AIB has now pocketed €1.19m from the sale of properties formerly owned by Mick Wallace TD’s main building firm around Dublin, documents show.
The bank recently got €150,000 from the €157,500 sale of Mr Wallace’s M&J Wallace Ltd third Temple Bar apartment and €31,980 in rental income from his firm’s portfolio.
M&J Wallace had owned four Temple Bar apartments when AIB appointed Gerry McInerney of McInerney Saunders of Swords as receiver to certain assets of the company in 2012.
The new documents show that Mr. McInerney recently oversaw the third sale of an M&J Wallace Temple Bar apartment.
To date, Mr. McInerney has realised €695,000 from the sale of the three apartments — the four apartments at 43 East Essex St have an estimated value of €1m.
The documentation shows that AIB received €150,000 in the latest six-month period of the receivership and this followed prior distributions of €303,000, €250,000, and €490,000.
To date, Mr McInerney has received €1.5m in income from the receivership.
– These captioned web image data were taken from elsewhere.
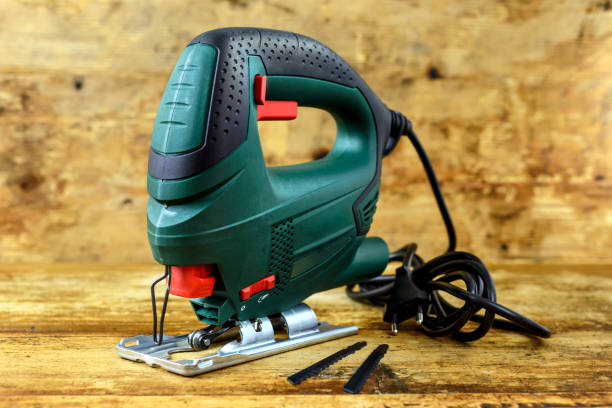 istock Electric jig saw on wooden table 1219780340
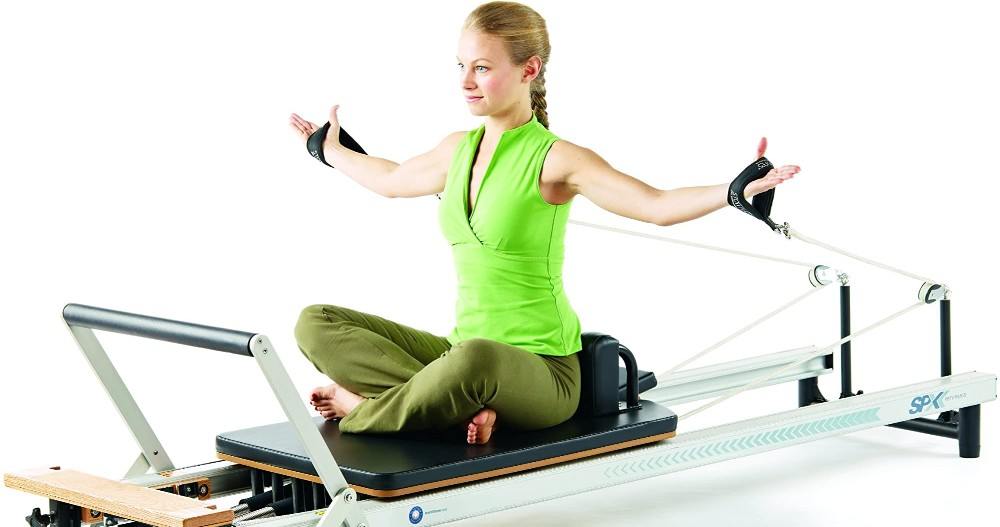 Woman using the Merrithew at Home SPX Reformer, sitting on the reformer facing foot bar with hands in short straps with arms out wide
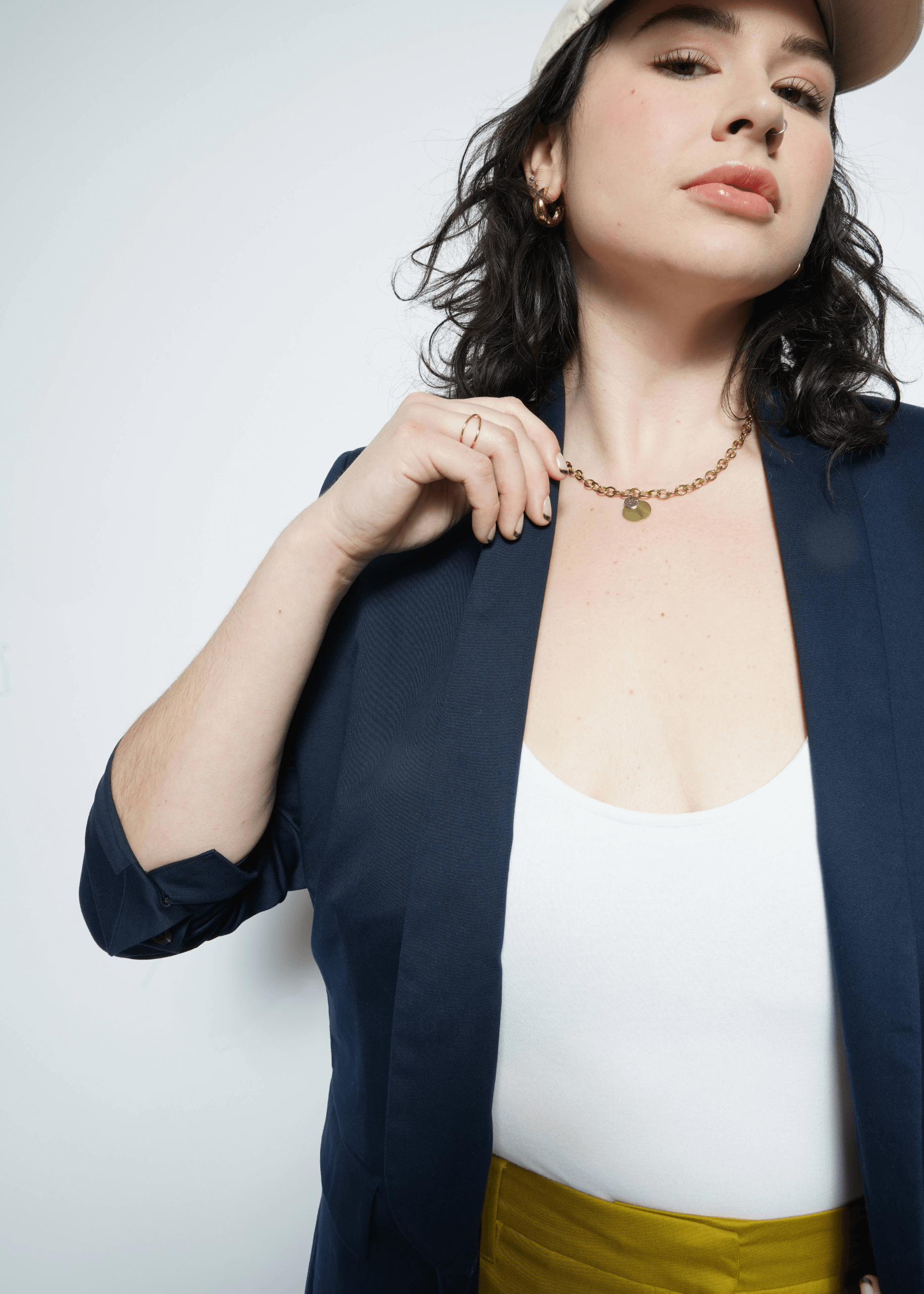 A woman in The Essential Tux Blazer with rolled-up sleeves layers it over a white top and yellow pants. Shes styled with a beige cap, gold chain necklace, and hoop earrings. Her dark curly hair and confident gaze enhance the jackets tailored fit, perfectly complementing her style.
The apartment at 43 East Sussex St was part of a group of four apartments that once had a value of €2.5m.
In total, during the last six month period from September 25 to March 24 of this year, Mr McInerney received €186,840 made up of €154,860 from the sale of the apartment and €31,980 from rental income.
In 2014, AIB absorbed a major loss on the €4m it lent to Mr Wallace to purchase a site in Dublin.
This followed Mr McInerney securing €510,000 from the sale of the site at Morean Rd, Walkinstown, in Dublin 12. At its peak, Mr Wallace’s construction business was worth €80m.
The filings also show two former M&J Wallace commercial units at No 3 and 6, Quartiere Bloom, Lower Ormond Quay, Dublin 1 are valued at €520,000 with office units at the same address valued at €300,000.
In 2011, ACC Bank appointed its own receivers to a number of other Wallace properties.
In 2012, the Independent Wexford TD admitted under-declaring €1.4m of VAT paid to M&J Wallace.
Mr Wallace has previously said he owes €40m to various banks. These are understood to include Ulster Bank, AIB, and Bank of Scotland Ireland, as well as ACC.